倦怠期です!

私がドタバタとでき入籍した挙句、アタフタとタハラを退職したこともあって、コバちゃんこと、カンナギ冷熱の小早川さんとは、結局会うことがなかった。
だからコバちゃんの彼の中原さんと仁さんも入れて、ダブルデートすることもなかった。
コバちゃんと中原さんは、それから2年後に結婚して、コバちゃんはカンナギ冷熱を退職したそうだ。
年賀状のやりとりはしていたけど、コバちゃんたちが引っ越ししたこと、プラスして、私たちも遼太郎が生まれる前に引っ越ししたことで、疎遠になってしまった。

新米の営業として入社した仁さんは、入社してからずっと産業部にいて、今から9年前、仁さんが35歳のときに、横浜支店から藤沢支店に転勤したことがある。
藤沢支店の施設3課の課長として5年勤務後、40歳のときに横浜支店の産業部部長に昇進と同時に、また横浜支店に戻った。

東京本社で部長職に就いてる因幡さんもだけど、若干40歳で部長は、自他ともに認める、かなり異例のスピード出世だ。
どうやら施設の営業時代に、かなり大手の会社数社と新規の契約を結んだ業績が認められたらしい。

とにかく、仁さんが出世してくれたおかげでお給料もアップしたのは、現実的にすごく嬉しいし、助かる。
私も家計の足しになればと、遼太郎が10歳になってから、近所のスーパーで週3日、パートの仕事に就いていたけど、3歳の頃からピアノを習っている日香里が音大に進学が決まったことで、2度目の引っ越しをした。

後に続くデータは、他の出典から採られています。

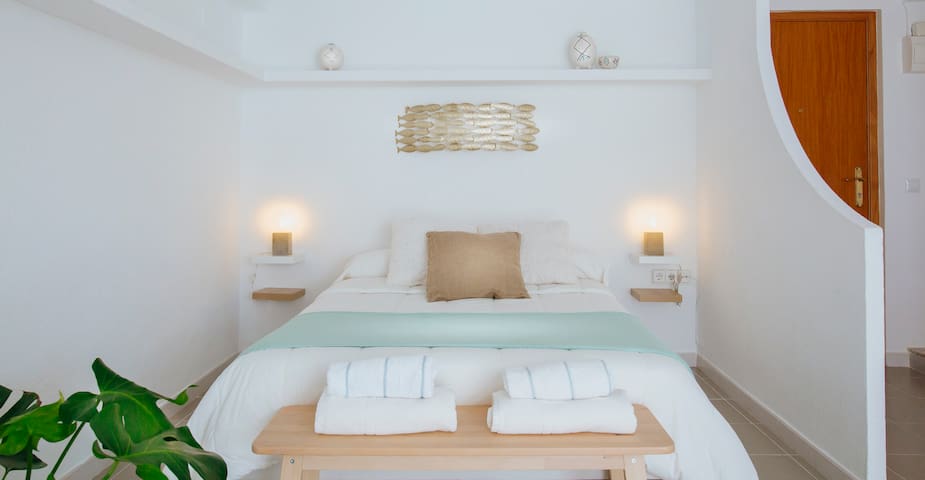 La Casita del Negret - Private access to the beach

最初に引っ越した頃は、お姉ちゃんも佐々木さんと結婚して家を出ていたし、ひとりになったお母さんは、3LDKの市営住宅に住んでいた。
引っ越したマンションも、お母さんちから割と近くだったので、パートが休みの日は、ちょくちょく会いに行っていた。

そうそう。
遼太郎を妊娠中、日香里の時とは逆に、食べないと船酔い的な気分の悪さとフラフラが続くので、とにかくよく食べていた私は、14キロくらい太った。
産後にあれこれと深刻に思い悩むこともあまりなかったけど、やっぱりお母さんには、何かと助けてもらった。

今度のマンションは、日香里が通う音大と、仁さんの職場への交通の便がいいこと。
そして遼太郎が通っている中学はなるべく転校させたくないこと、という場所的条件を絞って探したところ、あるマンションを紹介された。

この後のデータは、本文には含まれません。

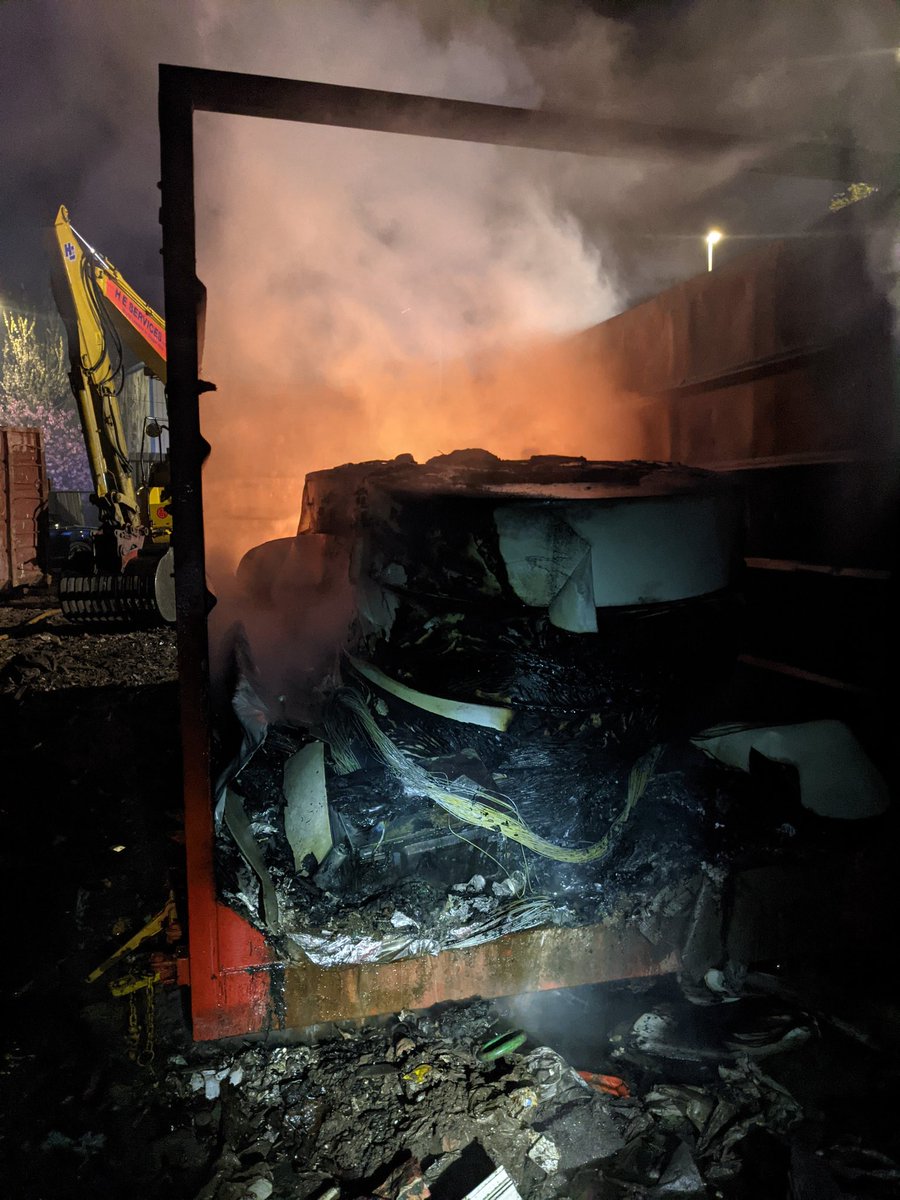 🟢 green watch out to a skip fire with @WMFSNorthfield on Mucklow Hill. Please dispose of waste responsibly. #ClimateCrisis #recycle #protectheplanet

そこは、遼太郎が通う中学校と、お母さんちには、少しばかり遠くなるけど、場所的条件も満たしているし、3LDKという部屋数もいい。
何よりそのマンションは、防音効果がある壁を使っているというのが決め手だった。

その分なのか、それとも今住んでいるマンションより広くなるからなのか。
家賃は余計払わないといけなくなるけど、仁さんのお給料もアップしたし、私もパートでいいから仕事をするし。

新居に引っ越してから、私はずっと勤めていたスーパーを辞めた。
通うには遠すぎるし、交通費が出ないから。
そして近くのスーパーで週3日、パートで勤め始めた。